4. He doesn’t care for your family. OR he doesn’t care about his own family!

Pay close attention to how family factors into your relationship. If he seems disinterested in spending time with your family, and only seems happy when discussing faraway states you could move to, this suggests he wants full control of your life and is unwilling to share. On the other hand, if he seems to hate his own family that’s a clear indication that he respects no one—and at some point it will be your turn to feel his wrath.

5. He seems to fluctuate between extreme highs and lows, or hot and cold behavior.

His attitude on things changes drastically—which means his feelings on you might change just as abruptly. He may love and fawn over you one minute, but then turn around and be exceptionally cruel. His dangerous lows may not necessarily involve physical abuse, but could still be loud and destructive tantrums or aggressive verbal bullying that make you feel afraid. This may even suggest he has a major personality disorder such as Borderline, Anti-Social or at least Bipolar. This behavior only gets worse as time goes on.

6. He guilts you or manipulates you into getting his way all the time.

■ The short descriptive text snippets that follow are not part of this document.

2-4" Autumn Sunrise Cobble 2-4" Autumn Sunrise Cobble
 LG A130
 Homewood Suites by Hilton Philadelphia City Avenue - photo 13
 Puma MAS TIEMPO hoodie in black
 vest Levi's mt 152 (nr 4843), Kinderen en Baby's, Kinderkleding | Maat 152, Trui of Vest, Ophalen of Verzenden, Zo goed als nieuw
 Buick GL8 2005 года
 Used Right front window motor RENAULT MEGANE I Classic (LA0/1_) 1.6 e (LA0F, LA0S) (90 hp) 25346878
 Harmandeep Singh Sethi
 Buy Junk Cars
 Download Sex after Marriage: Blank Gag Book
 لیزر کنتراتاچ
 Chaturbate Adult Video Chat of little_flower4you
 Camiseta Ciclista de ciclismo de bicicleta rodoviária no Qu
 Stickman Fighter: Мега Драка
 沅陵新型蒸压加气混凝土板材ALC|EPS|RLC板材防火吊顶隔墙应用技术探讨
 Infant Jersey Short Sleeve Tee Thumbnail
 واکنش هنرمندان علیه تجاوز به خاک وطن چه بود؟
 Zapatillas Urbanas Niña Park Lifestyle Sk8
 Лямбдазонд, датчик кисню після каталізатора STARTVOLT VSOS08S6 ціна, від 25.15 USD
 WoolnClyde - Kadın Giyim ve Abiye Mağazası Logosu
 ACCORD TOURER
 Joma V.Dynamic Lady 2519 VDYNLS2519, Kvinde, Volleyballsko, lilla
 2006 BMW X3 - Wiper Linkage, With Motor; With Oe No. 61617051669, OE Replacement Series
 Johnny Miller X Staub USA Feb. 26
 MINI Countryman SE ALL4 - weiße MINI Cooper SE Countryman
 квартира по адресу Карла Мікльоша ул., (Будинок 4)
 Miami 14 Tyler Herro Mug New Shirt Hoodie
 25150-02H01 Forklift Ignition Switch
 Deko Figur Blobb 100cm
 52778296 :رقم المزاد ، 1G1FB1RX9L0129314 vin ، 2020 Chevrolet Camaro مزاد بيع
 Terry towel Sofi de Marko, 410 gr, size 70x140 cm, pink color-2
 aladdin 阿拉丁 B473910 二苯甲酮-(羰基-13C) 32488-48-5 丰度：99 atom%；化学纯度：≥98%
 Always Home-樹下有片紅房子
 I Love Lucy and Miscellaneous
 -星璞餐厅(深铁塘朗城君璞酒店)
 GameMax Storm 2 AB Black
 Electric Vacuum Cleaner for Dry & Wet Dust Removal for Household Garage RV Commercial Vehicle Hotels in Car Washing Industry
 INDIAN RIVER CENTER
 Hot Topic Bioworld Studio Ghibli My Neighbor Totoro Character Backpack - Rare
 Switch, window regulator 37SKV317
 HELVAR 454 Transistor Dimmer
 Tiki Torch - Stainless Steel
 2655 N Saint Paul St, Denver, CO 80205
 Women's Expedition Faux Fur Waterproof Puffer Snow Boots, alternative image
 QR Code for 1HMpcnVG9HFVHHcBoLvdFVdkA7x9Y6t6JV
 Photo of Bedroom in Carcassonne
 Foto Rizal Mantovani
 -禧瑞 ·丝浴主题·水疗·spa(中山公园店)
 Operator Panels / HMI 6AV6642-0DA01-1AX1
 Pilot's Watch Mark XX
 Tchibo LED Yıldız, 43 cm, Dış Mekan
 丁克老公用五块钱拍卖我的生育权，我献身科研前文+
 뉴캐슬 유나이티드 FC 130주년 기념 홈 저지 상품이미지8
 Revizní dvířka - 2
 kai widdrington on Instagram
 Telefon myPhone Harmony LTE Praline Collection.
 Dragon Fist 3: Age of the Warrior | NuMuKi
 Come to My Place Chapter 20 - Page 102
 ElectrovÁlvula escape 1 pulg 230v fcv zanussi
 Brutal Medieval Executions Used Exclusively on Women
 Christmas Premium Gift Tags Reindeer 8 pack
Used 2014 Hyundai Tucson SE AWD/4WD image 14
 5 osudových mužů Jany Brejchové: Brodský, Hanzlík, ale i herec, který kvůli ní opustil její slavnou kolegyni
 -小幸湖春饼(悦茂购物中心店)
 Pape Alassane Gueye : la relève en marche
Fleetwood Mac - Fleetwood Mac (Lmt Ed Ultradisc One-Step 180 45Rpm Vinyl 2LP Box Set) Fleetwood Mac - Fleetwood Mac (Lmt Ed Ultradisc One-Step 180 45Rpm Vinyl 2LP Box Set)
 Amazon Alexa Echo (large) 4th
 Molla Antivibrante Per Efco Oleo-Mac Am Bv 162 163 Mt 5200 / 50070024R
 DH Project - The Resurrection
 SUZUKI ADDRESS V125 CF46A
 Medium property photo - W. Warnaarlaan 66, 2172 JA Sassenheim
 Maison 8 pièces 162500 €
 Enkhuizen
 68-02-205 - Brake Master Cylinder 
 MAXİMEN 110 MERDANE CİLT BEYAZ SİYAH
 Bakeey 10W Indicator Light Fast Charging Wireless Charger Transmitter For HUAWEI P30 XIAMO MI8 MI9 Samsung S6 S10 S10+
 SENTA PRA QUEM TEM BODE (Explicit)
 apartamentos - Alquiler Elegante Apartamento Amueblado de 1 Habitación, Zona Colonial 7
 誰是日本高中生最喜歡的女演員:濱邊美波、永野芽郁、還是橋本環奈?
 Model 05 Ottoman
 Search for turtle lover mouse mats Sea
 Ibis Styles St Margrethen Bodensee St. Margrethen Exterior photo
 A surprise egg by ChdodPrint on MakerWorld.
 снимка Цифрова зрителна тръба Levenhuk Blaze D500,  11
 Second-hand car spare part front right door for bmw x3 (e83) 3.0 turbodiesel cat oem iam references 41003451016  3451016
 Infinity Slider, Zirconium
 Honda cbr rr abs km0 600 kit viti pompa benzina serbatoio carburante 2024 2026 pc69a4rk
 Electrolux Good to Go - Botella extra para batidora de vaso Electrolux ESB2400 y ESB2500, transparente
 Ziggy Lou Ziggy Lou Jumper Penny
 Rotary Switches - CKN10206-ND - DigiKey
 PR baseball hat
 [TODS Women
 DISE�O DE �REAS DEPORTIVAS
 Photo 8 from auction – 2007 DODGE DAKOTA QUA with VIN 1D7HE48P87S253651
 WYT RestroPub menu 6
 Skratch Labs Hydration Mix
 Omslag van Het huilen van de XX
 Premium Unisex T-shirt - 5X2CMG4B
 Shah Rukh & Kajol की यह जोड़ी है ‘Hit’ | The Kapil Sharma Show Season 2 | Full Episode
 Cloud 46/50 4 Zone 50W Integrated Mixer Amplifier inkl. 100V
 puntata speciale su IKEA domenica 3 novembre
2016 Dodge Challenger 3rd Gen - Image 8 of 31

This is another subtle form of aggressive behavior and something that, upon first glance, seems odd but not really dangerous. However, living with a passive-aggressive partner gets old fast. He is basically a bully and selfishly motivated, since he “punishes” you with silent treatment or moody fits, or embarrasses you in front of others, and so on. These are manipulative tactics, meaning he uses them on you to get his way rather than negotiate equal rights like most couples do.

7. You always seem to feel stupid or unworthy around them.

Gaslighting is a form of abuse that involves twisting the truth to make an innocent partner feel insane or doubt her own memories. The abusive husband who gaslights wants you to feel stupid and to always doubt what you feel (or even what you saw). Not only is he dishonest, but he also devalues your perspective and laughs off your feelings. In a normal, productive relationship, a man should always respect your feelings and opinions even if you don’t always agree.

Laughing at a partner’s vulnerability, emotionally or sexually, is also a personal betrayal and a major red flag. In any situation where a partner gives her complete trust, she expects her man to be respectful and supportive. This is why betraying that trust is unforgiveable. If he doesn’t respect you in the beginning, he will not learn respect for you over time. Having respect for women is what makes a real man in the first place.

If you notice any of these red flags in conversation, beware and have an exit strategy in mind. Now that you know the problem and can interpret these red flags, you can avoid Mr. Wrong and avoid losing years of your life!